Pensée critique - La Loi de 1905
1. Rappel : ce que signifie la laïcité
- La laïcité est l’idée selon laquelle l’État doit être l’État de tout le laos, de tout le peuple, et non d’une partie du peuple qui croirait « ce qu’il faut croire ».
- Si l’État soutient une religion particulière, celle-ci devient officielle et les autres membres de la communauté nationale se trouvent relégués au rang de citoyens de seconde zone, parce qu’ils n’appartiennent pas à la communauté religieuse officielle.
- Un État laïque ne crée donc pas de religion officielle : il est neutre par rapport à tous les engagements d’existence, croyants ou non, il respecte la liberté de conscience et ne fait pas de distinction arbitraire entre les citoyens en fonction de leurs convictions. Pas de discrimination.
- Le problème s’est d’abord posé à l’école, où les enfants étaient soumis à un régime marqué par une présence massive de la religion catholique. Pour des parents non catholiques, et pour certains catholiques eux-mêmes, cette perspective unique était biaisée dans une école publique censée être l’école de tout le laos. De là l’idée de Jules Ferry de laïciser l’école, la société des adultes ne l’étant pas encore.
1. Zur Erinnerung: was Laizität bedeutet
- Die Laizität ist der Gedanke, dass der Staat der Staat des ganzen laos sein muss, des ganzen Volkes, und nicht der eines Teils des Volkes, der glaubte, „was man glauben muss".

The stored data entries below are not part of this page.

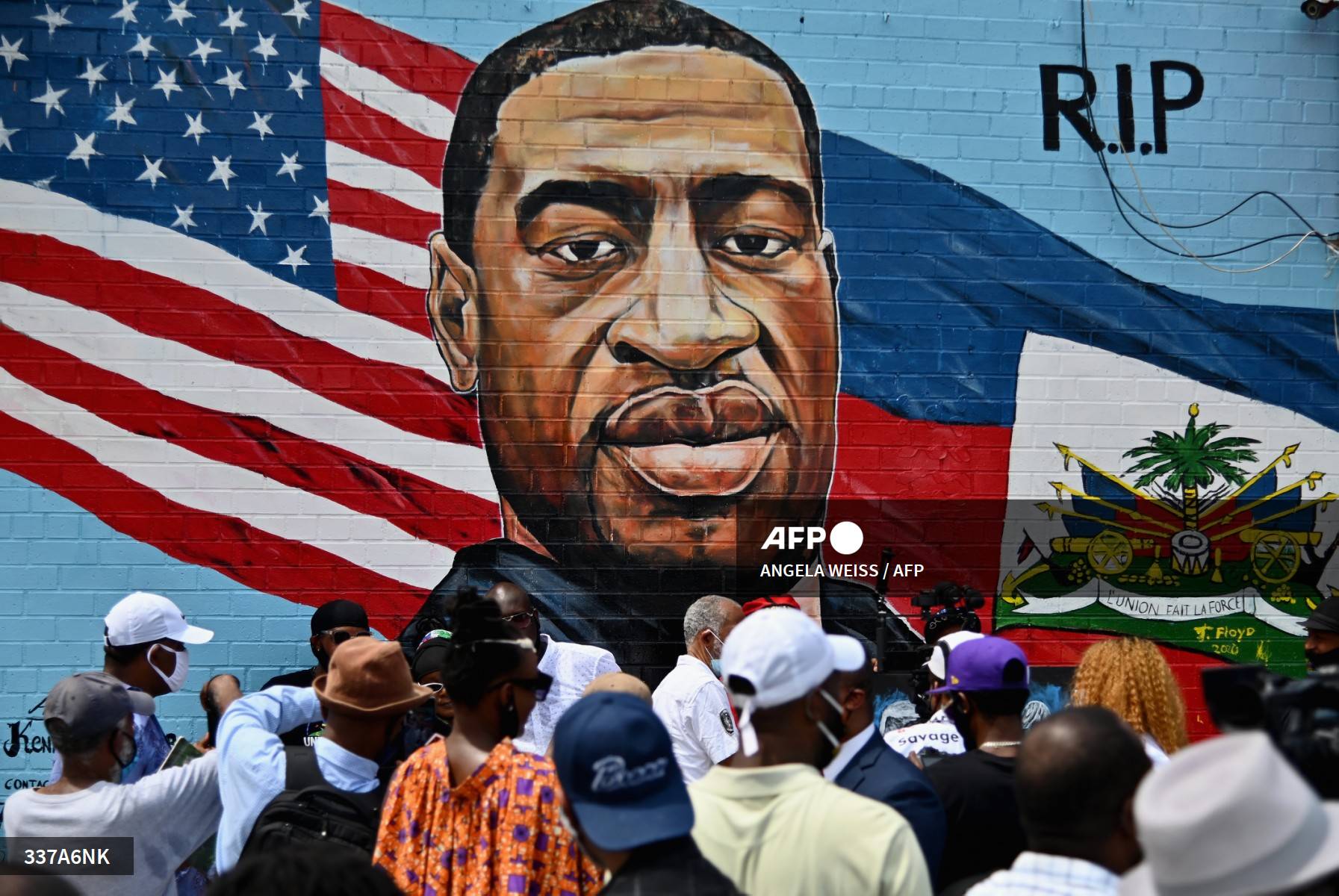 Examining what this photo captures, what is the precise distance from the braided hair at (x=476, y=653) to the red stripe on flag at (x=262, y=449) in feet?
12.0

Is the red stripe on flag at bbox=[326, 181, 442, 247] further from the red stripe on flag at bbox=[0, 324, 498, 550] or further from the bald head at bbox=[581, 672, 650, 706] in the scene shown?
the bald head at bbox=[581, 672, 650, 706]

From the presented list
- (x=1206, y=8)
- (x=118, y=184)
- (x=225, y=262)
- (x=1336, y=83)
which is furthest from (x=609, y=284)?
(x=1336, y=83)

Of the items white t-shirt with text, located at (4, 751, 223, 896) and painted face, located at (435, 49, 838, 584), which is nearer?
white t-shirt with text, located at (4, 751, 223, 896)

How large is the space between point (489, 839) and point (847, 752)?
1.01m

- Wenn der Staat eine bestimmte Religion unterstützt, wird diese offiziell, und die übrigen Mitglieder der nationalen Gemeinschaft finden sich in den Rang von Bürgern zweiter Klasse verwiesen, weil sie der offiziellen Religionsgemeinschaft nicht angehören.
- Ein laizistischer Staat schafft also keine offizielle Religion: Er ist neutral gegenüber allen existentiellen Bindungen, gläubigen wie ungläubigen, er achtet die Gewissensfreiheit und macht keinen willkürlichen Unterschied zwischen den Bürgern nach ihren Überzeugungen. Keine Diskriminierung.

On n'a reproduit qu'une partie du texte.